DATA SEGMENT:
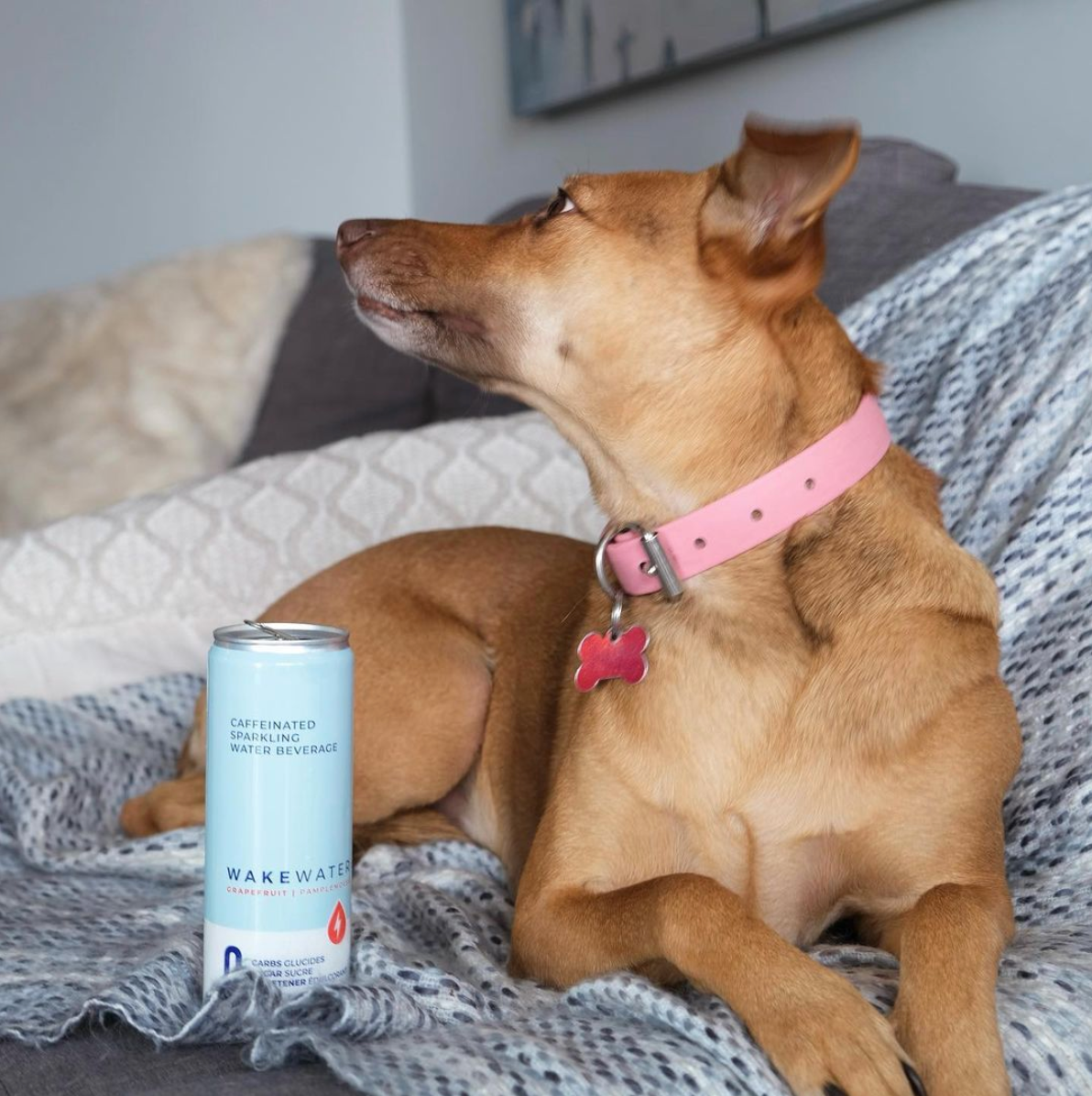 Eau de sillage au citron, 4 canettes 355 ml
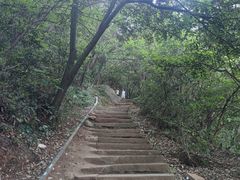 -杭州半山国家森林公园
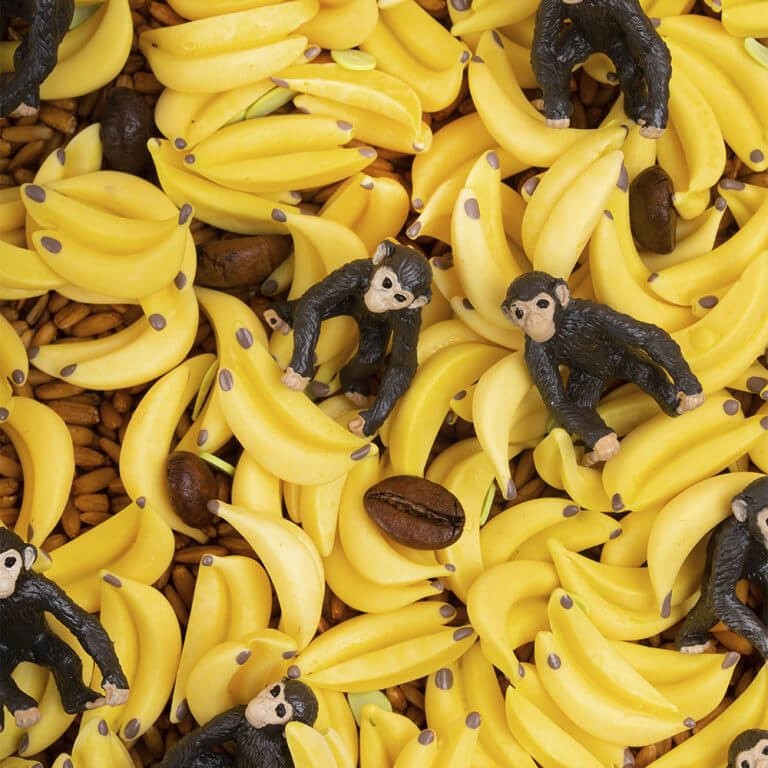 Butelka obserwacyjna - MAŁPKA / Petit Boum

WORK TO BE COMPLETED:
Restate word for word the lines starting at the one that contains "-杭州半山国家森林公园" and ending at the last line of the data. Skip every picture.

WRITTEN ANSWER:
 -杭州半山国家森林公园
 Butelka obserwacyjna - MAŁPKA / Petit Boum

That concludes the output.